Можно сказать, что языческий нрав вообще сильнее, чем теперешний; язычник, как мы говорили, жил наиболее чувством, одним чувством на высоте своих идеалов и чувственностью – внизу своих материальных потребностей. По этой причине и весь его нрав состоял из полноты чувства. Это стихия его нравственного существования. Его страсти стремительнее и непреодолимее, пожалуй, можно сказать – животные. Союз любви, родства и дружбы он чувствовал живее, крепче, искреннее, сердечнее, но зато с такой же живостью и силой отдавался злобе и ненависти.

Естественно, что во всех поступках он больше всего уважал ту же самую силу чувства, поэтому мужество и храбрость во всех случаях составляли вершину или венец его нравственных деяний. Византиец Кедрин рассказывает в своей «Истории» один случай (1034 г.) о русских варягах, служивших в греческом войске наемниками. «Один из варангов, – говорит он, – рассеянных в области Фракисийской (в Малой Азии, на Армянской границе) для зимовки, встретив в пустынном месте туземную женщину, сделал покушение на ее целомудрие. Не успев склонить ее убеждением, он прибег к насилию; но женщина, выхватив (из ножен) меч этого человека, поразила варвара в сердце и убила его на месте.
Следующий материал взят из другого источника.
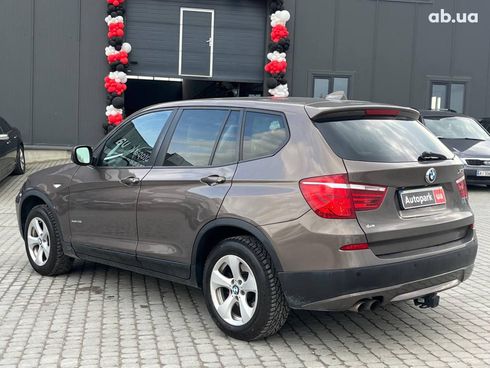 BMW X3 2010 коричневый - фото 7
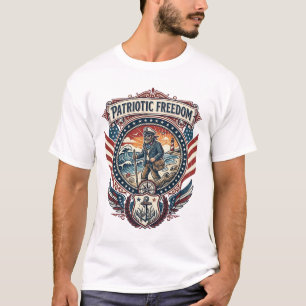 Patriotisches Beachcomber-Vektorgrafik-T-Shirt_1 T-Shirt
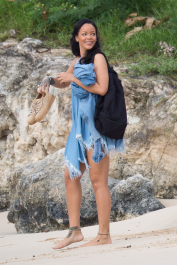 EXCLUSIVE: **PREMIUM RATES APPLY** December 26th 2015: Rihanna seen leaving her villa with a friend to go to pirate ship for a party in Barbados.
<p>
Pictured: Rihanna
<b>Ref: SPL1200873  271215   EXCLUSIVE</b><br />
Picture by: Splash News<br />
</p><p>
<b>Splash News and Pictures</b><br />
Los Angeles:	310-821-2666<br />
New York:	212-619-2666<br />
London:	870-934-2666<br />
photodesk@splashnews.com<br />
</p>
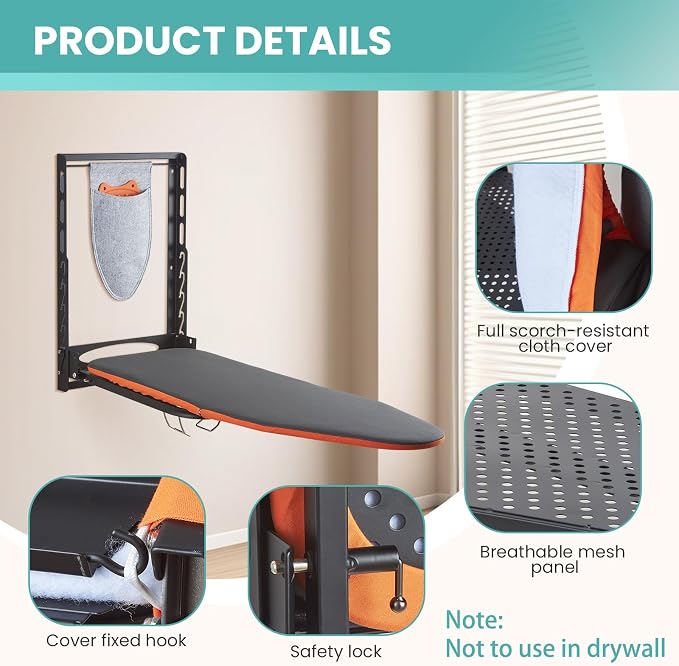 Seiritex Wall Mounted Ironing Board - Image 2
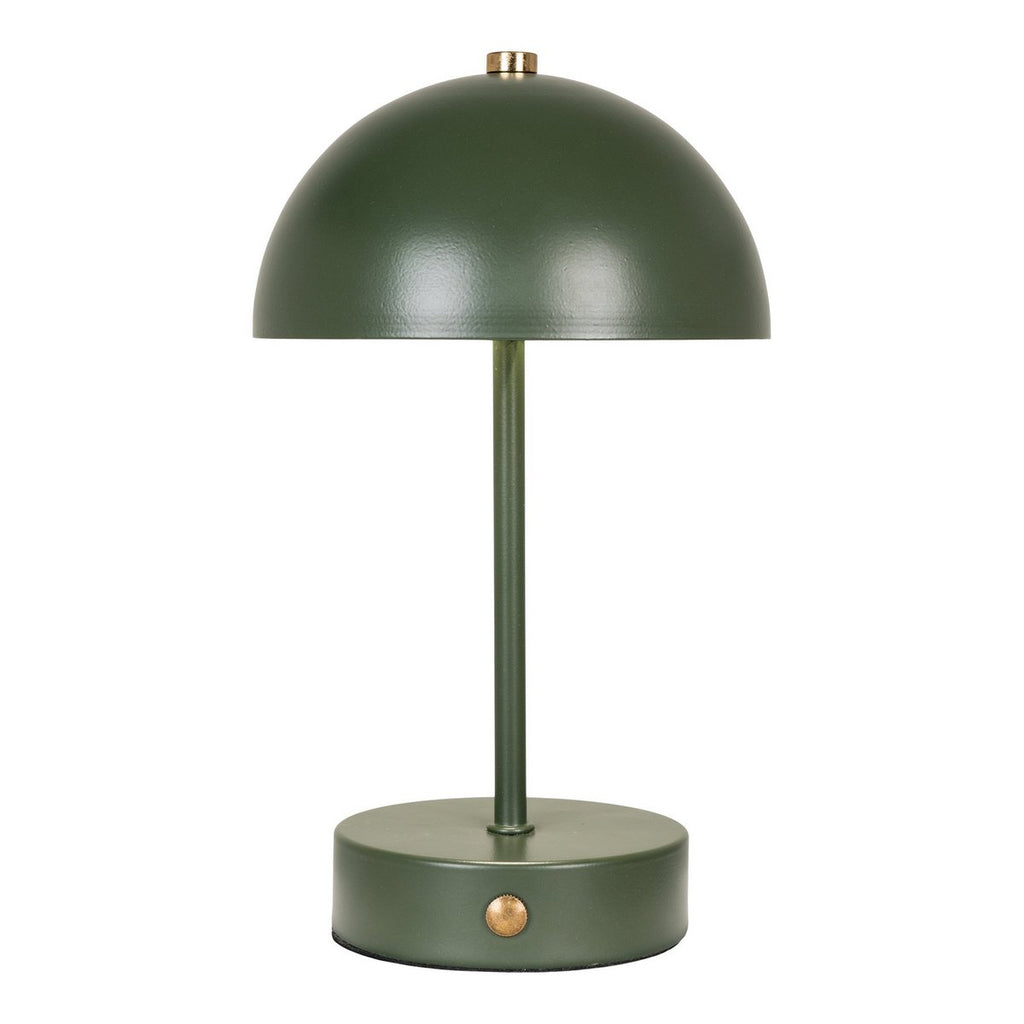 Grüne LED-Tischleuchte aus Metall – 16,5x16,5x25 cm kompaktes Design
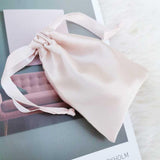 Personalized Satin Drawstring Gift Bag Jewelry Pouch Wedding Favor Party Candy Bag
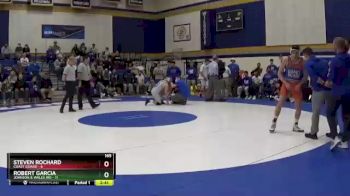 165 lbs Placement (16 Team) - Steven Rochard, Coast Guard vs Robert Garcia, Johnson & Wales (RI)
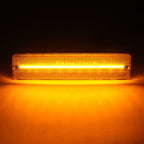 LED Clear Amber Side Marker Lights for Jeep Wrangler YJ (1987–1995) CH2550105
Когда ее поступок сделался известным в окружности, варанги, собравшись вместе, воздали честь[90] этой женщине, отдав ей и все имущество насильника, а его бросили без погребения, согласно с законом о самоубийцах».

Немецкие ученые, присваивающие имя варягов одному только германскому племени, принимают и этот случай как доказательство германства варягов именно потому, что здесь обнаруживается во всем блеске германское уважение к женской чести и вообще германская высота нравственности.